- Problem statement: A faithful, complete copy of the entries below is required, with images removed.

- Material for the task:
-----
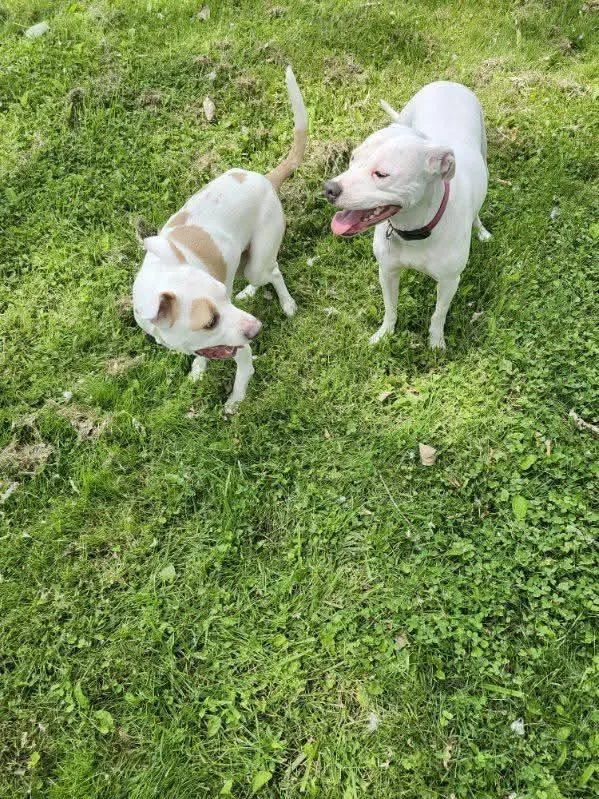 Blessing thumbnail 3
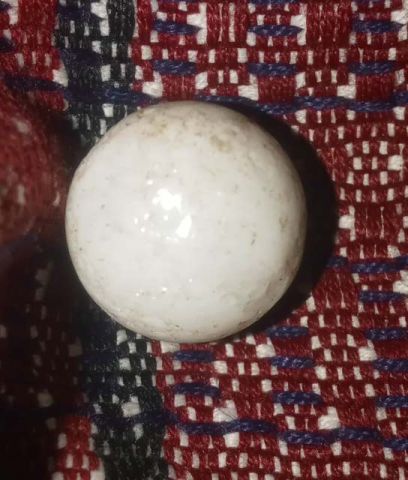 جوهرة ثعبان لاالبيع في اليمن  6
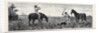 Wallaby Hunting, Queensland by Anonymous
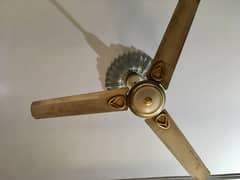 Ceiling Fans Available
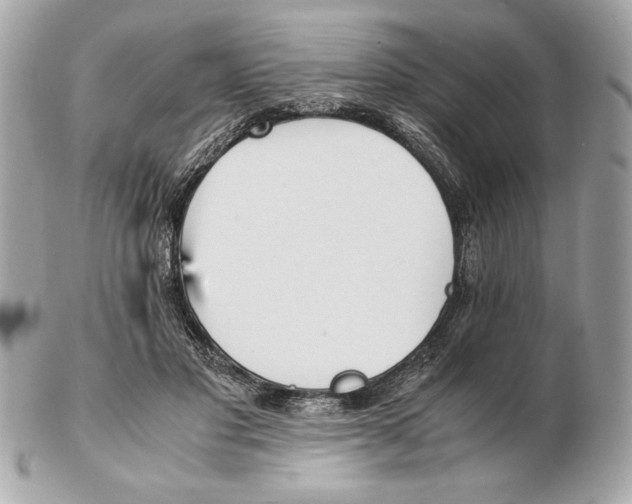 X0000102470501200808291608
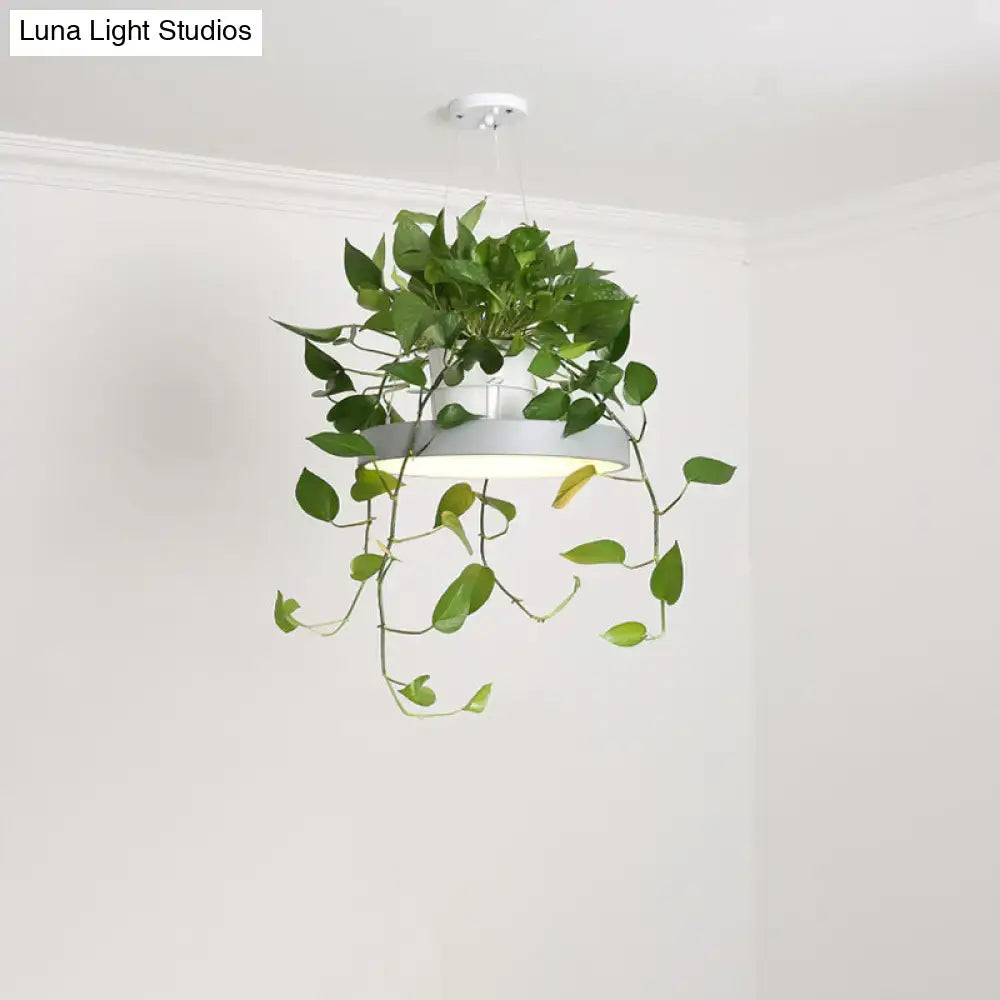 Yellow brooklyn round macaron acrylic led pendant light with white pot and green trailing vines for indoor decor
-----
- Worked solution:
 Blessing thumbnail 3
 جوهرة ثعبان لاالبيع في اليمن  6
 Wallaby Hunting, Queensland by Anonymous
 Ceiling Fans Available
 X0000102470501200808291608
 Yellow brooklyn round macaron acrylic led pendant light with white pot and green trailing vines for indoor decor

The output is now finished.